Satrapodoxa

Scientific classification
- Domain: Eukaryota
- Kingdom: Animalia
- Phylum: Arthropoda
- Class: Insecta
- Order: Lepidoptera
- Family: Gelechiidae
- Subfamily: Gelechiinae
- Genus: Satrapodoxa Meyrick, 1925
- Species: S. regia
- Binomial name: Satrapodoxa regia (Meyrick, 1914)
- Synonyms: Strobisia regia Meyrick, 1914;

= Satrapodoxa =

- Authority: (Meyrick, 1914)
- Synonyms: Strobisia regia Meyrick, 1914
- Parent authority: Meyrick, 1925

Genus of moths

Satrapodoxa is a genus of moth in the family Gelechiidae. It contains the species Satrapodoxa regia, which is found in Guyana.

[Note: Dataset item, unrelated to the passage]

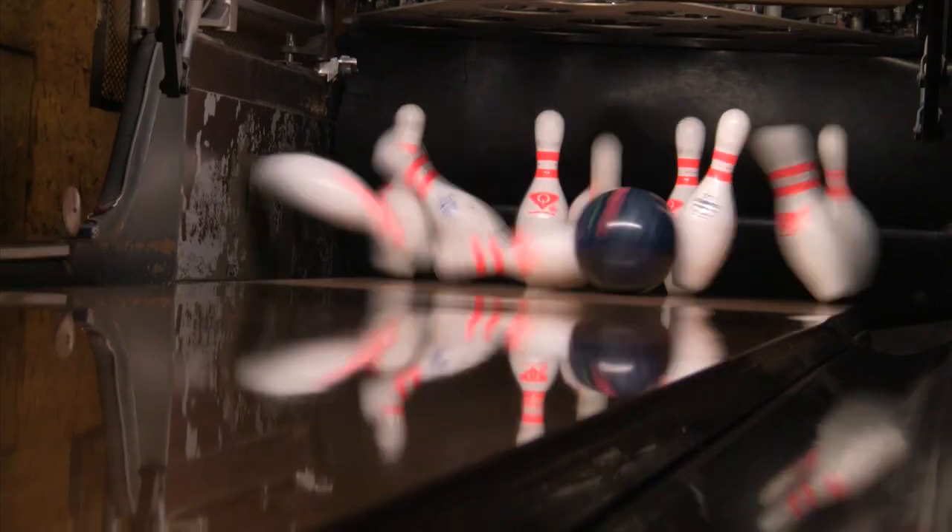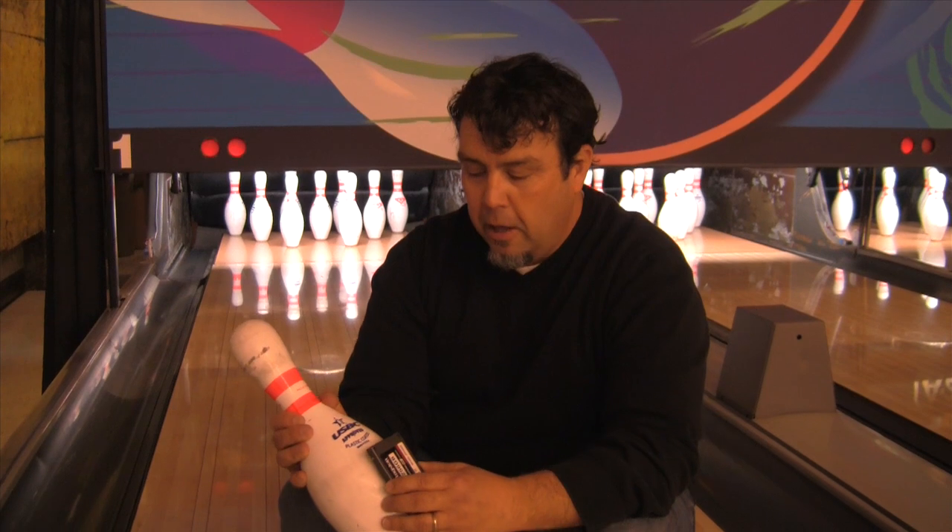Hey, this is Barry. He's going to help us with our next attempt. I'm going to take this SSD, I'm going to tape it to the head pin, I'm going to let Barry throw some strikes at it. Let's see what happens.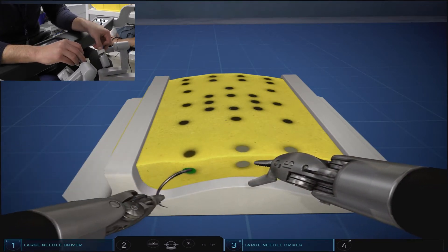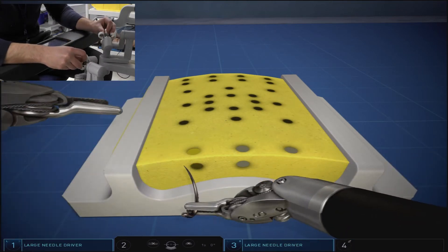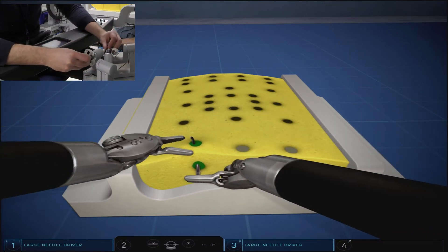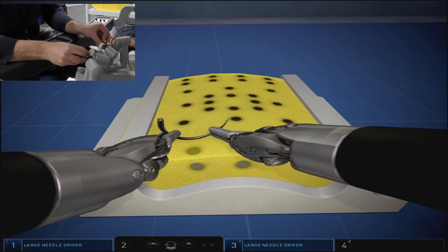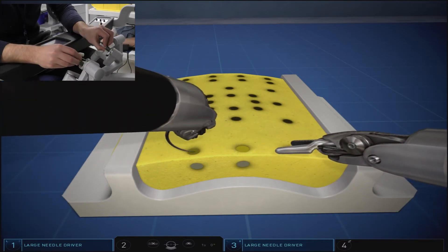Of all the VR simulated suture exercises, we found this one to be the most clunky and sometimes glitchy. We've had multiple runs where the needle seems to get stuck, either on entry or on pull-through. And even releasing the needle after a successful throw, the arms seem to jump forward occasionally.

The wingspan is 9–10 mm. The forewings are black with a subdorsal streak of orange suffusion from the base to near the tornus and three pale blue-metallic streaks, the first from the base of the costa along the submedian fold to one-fourth, the second from the costa at one-fourth to just beyond the apex of the first and the third from the middle of the costa nearly to the middle of the dorsum, somewhat curved outwards. There is a postmedian transverse orange fascia,
the lower half enclosing a somewhat oblique pale golden-metallic streak. There is also a golden-metallic spot or mark on the costa beyond this and a curved violet-metallic pre-marginal streak along the termen. The hindwings are dark fuscous.